The Canadian Department of Fisheries and Oceans also promotes the myth that the sealer is a hard-working courageous man just trying to support his family by participating in a dangerous occupation in harsh conditions.
Yet the truth is, that there is nothing courageous about walking around in a nursery bashing baby seals in the head. The amount of money each sealer makes is relatively small - on average only $800 and the costs to many of them will be significantly more this year due to losses of vessels and equipment.
And when these "brave hardy men" fall to the fury of the elements, they are quick to go running for help to the Coast Guard with pleas for ice-breaking assistance and help in finding seals to kill. Now many of them are scurrying home to Newfoundland and the Magdalen Islands with few seals and tales of woe.
The true heroes out here on these remote ice floes are the young seals who valiantly attempt to escape their killers and whose cries echo mournfully across the blood stained ice.

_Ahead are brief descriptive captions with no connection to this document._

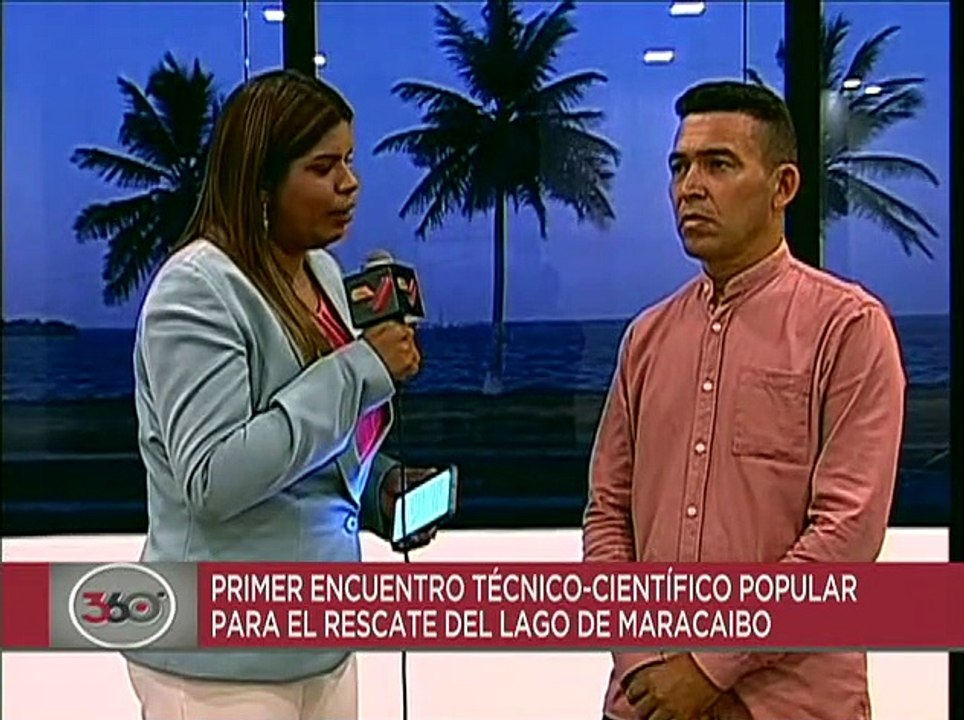 Pescadores de Barranquitas ratifican su apoyo por el rescate del Lago de Maracaibo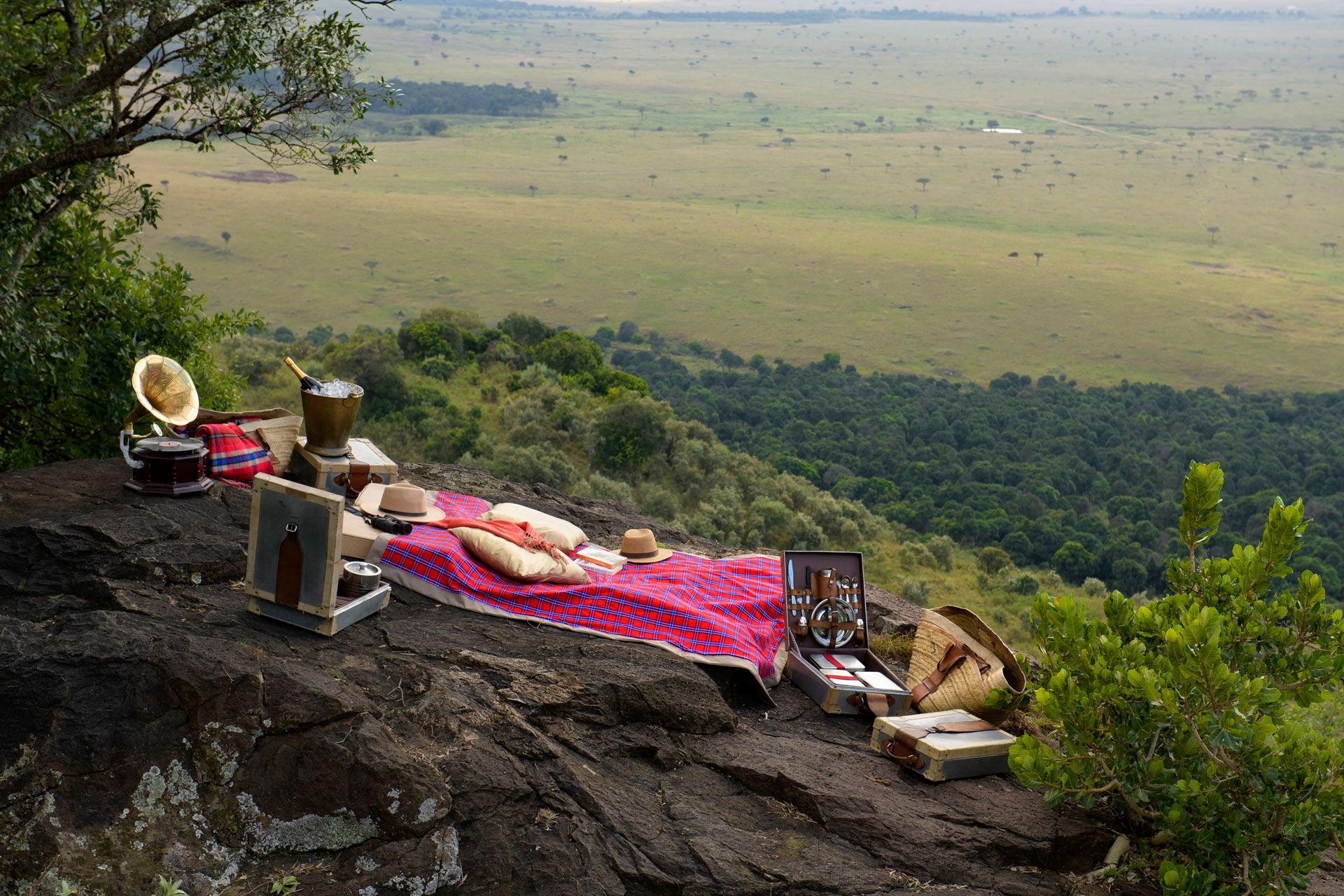 A Maasai Jamboree - Angama Mara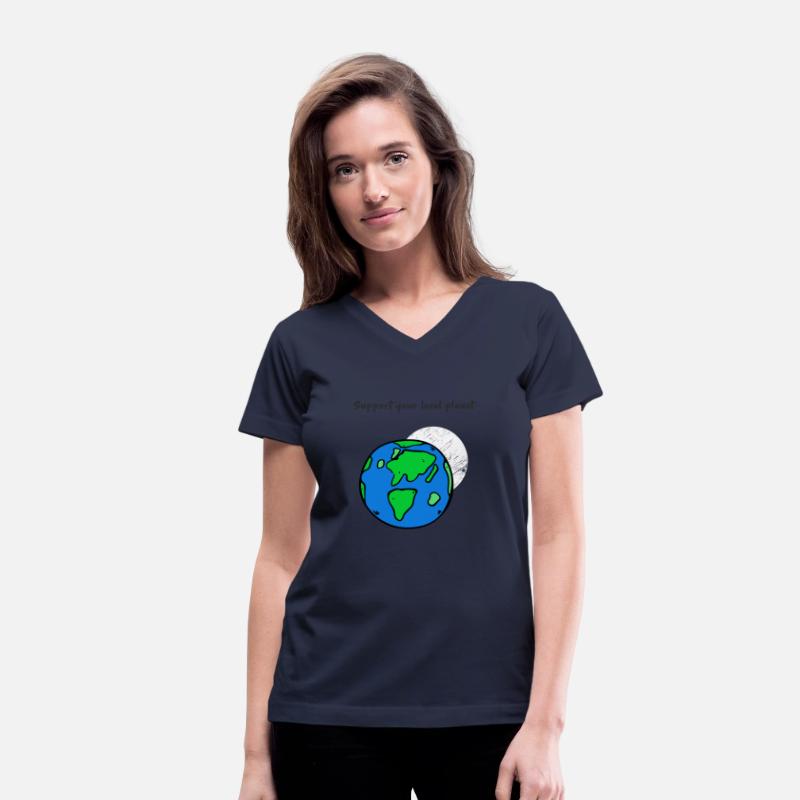 Support Your Local Planet. Climate Change Activist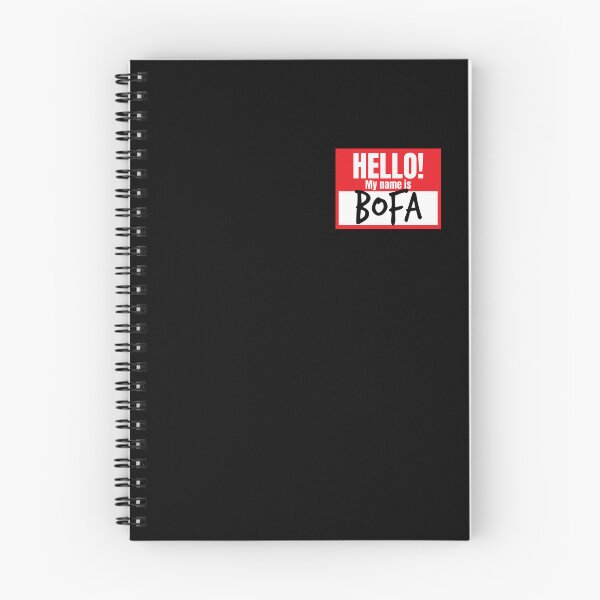 Item preview, Bofa Nametag Funny Deez Nuts Gifts Deez Nuts Gear designed and sold by DynamicDesign.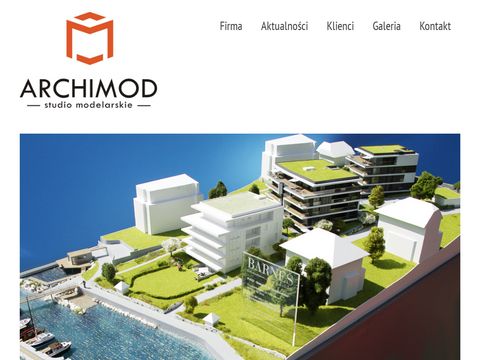 Archimod.pl makiety przemysłowe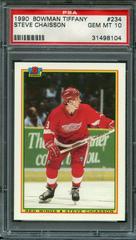 Steve Chaisson #234 Hockey Cards 1990 Bowman Tiffany Prices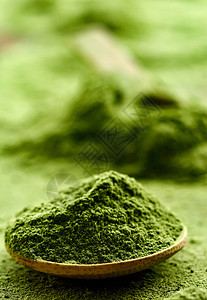 绿色排毒超级食物粉图片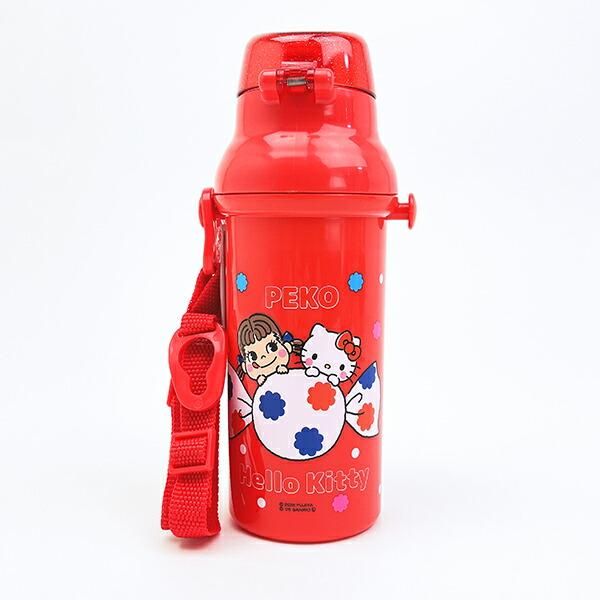 サンリオ　レトロ　ハローキティ　水筒　赤　チューリップ ハローキティー 水筒 レトロ サンリオ レトロ ハローキティ 水筒 赤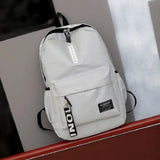 Large-capacity Schoolbag Student Functional Backpack Casual Wear-resistant Bag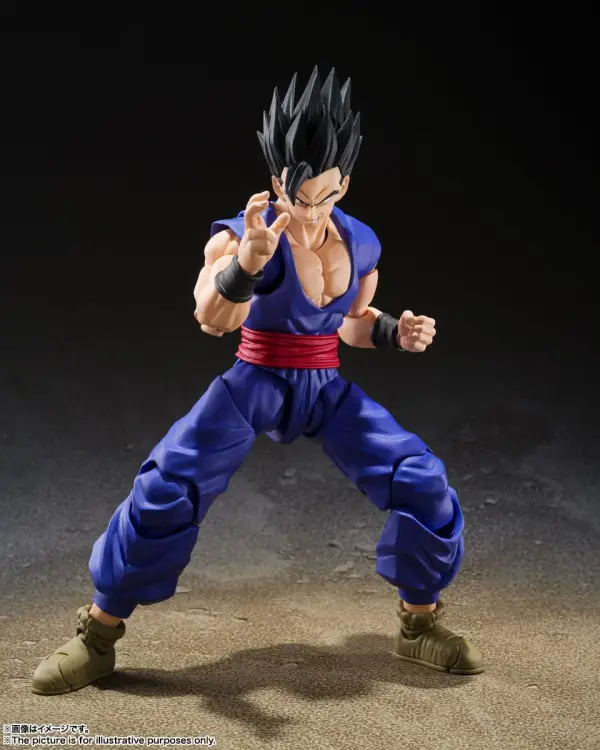 Bandai Tamashii Nations Dragon Ball - Gohan Super Hero S.H.Figuarts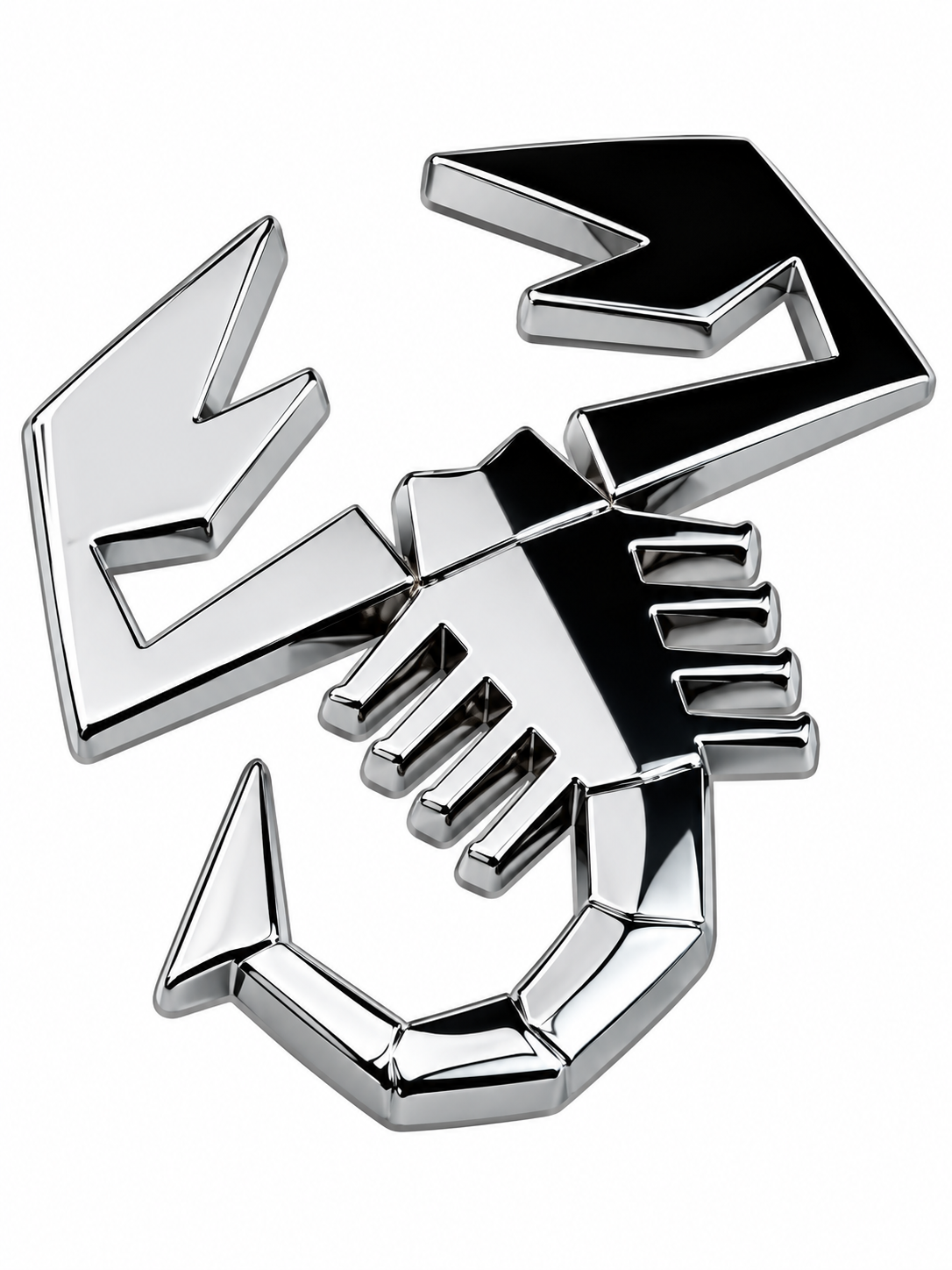 Emblema Cromado Alacran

The crew of the Farley Mowat have seen so many of them try to defend themselves from the cruel hak-a-pik and attempt to cling to life as their skin is ripped from their convulsing bodies.
And above them, knife in hand, cigarette dangling from cruel lips, an ignorant, uneducated, inbred, sadistic brute sneers, and slices the young body from throat to groin exposing the beating heart that still throbs with life and futile hope.
This is mankind at his most extreme savagery and there is little that is noble or inspiring in such an image.
For out here on the frigid harsh expanse of drifting ice, mankind wallows in the terrible darkness of his own cruelty and contempt for life.
When these men go to church in the next few days, they will confess their sins and be absolved, but the stain, the stench, and the vicious evil of their actions out here on the ice will forever be etched into the book of humanity in yet another testament to our dark and base nature.
Will we ever escape from this hell that envelops our soul? A first step in such a direction would be the abolishment of this obscenity, this horrific slaughter and destruction of innocence, this ecological insanity and national curse called the Canadian seal hunt.